In September 1992, a group of People's Deputies, headed by Sergei Baburin sent to the Constitutional Court of the Russian Federation a petition to examine the constitutionality of the Supreme Soviet of the RSFSR of 12 December 1991 "On ratification of the Agreement establishing the Commonwealth of Independent States".

===Russian constitutional crisis===

On 10 December 1992, the day after the Congress of People's Deputies did not approve the candidacy of Yegor Gaidar as Prime Minister, Boris Yeltsin issued a sharp criticism of the Congress of People's Deputies and tried to disrupt their work, calling on his supporters to leave the meeting hall. A political crisis began. After the talks, Boris Yeltsin and Ruslan Khasbulatov, Valery Zorkin and multi-voting, the Congress of People's Deputies on 12 December, adopted a resolution on the stabilisation of the constitutional system and Viktor Chernomyrdin was appointed as Prime Minister.

After the eighth Congress of People's Deputies, which quashed the decision of the stabilisation of the constitutional system and the decisions that undermine the independence of the government and the Central Bank, on 20 March 1993, Boris Yeltsin, delivered a televised address to the nation, he announced that it has signed a decree on the introduction of "special operation mode". The next day, the Supreme Council appealed to the Constitutional Court, calling Yeltsin's appeal "an attack on the constitutional foundations of the Russian state". The Constitutional Court of the Russian Federation, still not having signed the decree, and Yeltsin found the actions associated with the televised address, unconstitutional, and found that the reasons for his dismissal. The Supreme Council convened IX (Extraordinary) Congress of People's Deputies. However, as it turned out after a few days, in fact, it signed another decree contains no gross violations of the Constitution. On 28 March, the Congress attempted to remove Yeltsin from his office as president. Speaking at a rally on Vasilyevsky Spusk, Yeltsin vowed not to implement the decision of the Congress if it will still be accepted. However, over the impeachment only 617 deputies has voted out of 1033, with the necessary 689 majority votes.
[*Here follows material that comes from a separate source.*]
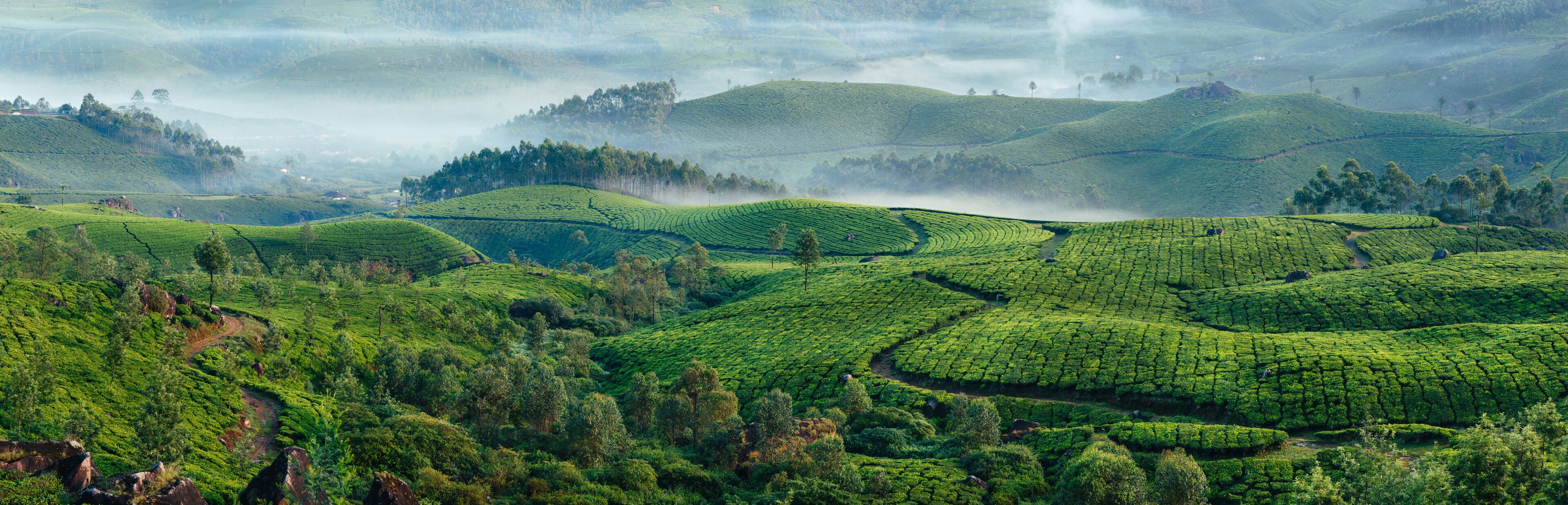 A lush tea plantation with terraced fields and rolling hills.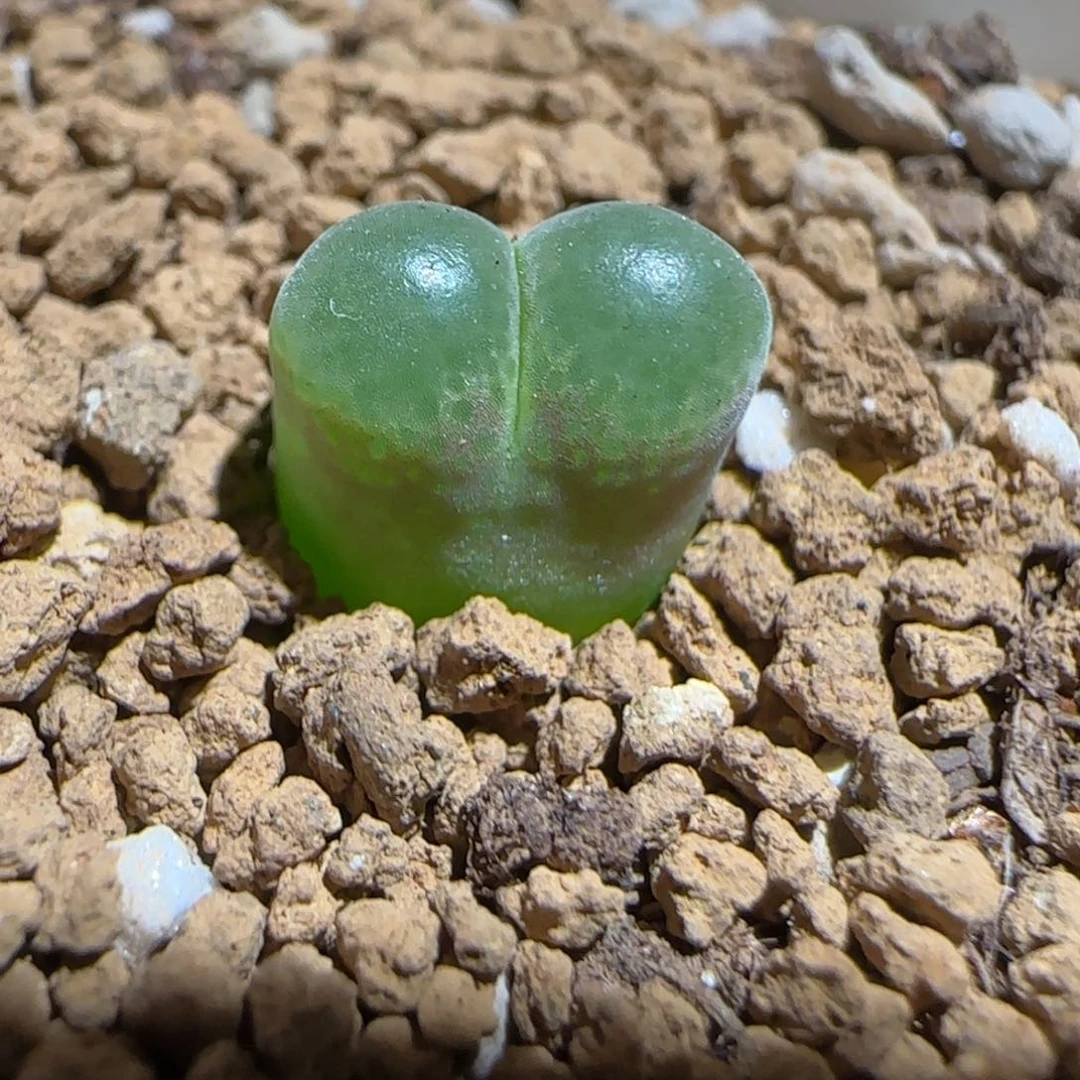 肉锥多肉植物组合-胖虎356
The next day, after failing impeachment Congress of People's Deputies appointed 25 April, All-Russian referendum on four issues: the confidence to President Yeltsin, on the approval of its socio-economic policies of the early presidential elections and early elections of people's deputies. Boris Yeltsin called on his supporters to vote "yes four" themselves supporters were inclined to vote "yes-no-yes." According to the results of the referendum of confidence he received 58.7% of votes, while 53.0% voted in favor of the economic reforms. On the issue of early presidential elections and people's deputies "for" votes, respectively, 49.5% and 67.2% took part in the vote, however, legally significant decisions on these matters have been adopted (as, according to the laws in force, for this " for "we had to speak out more than half of all eligible voters). Contradictory results of the referendum were interpreted by Yeltsin and his entourage in their favor.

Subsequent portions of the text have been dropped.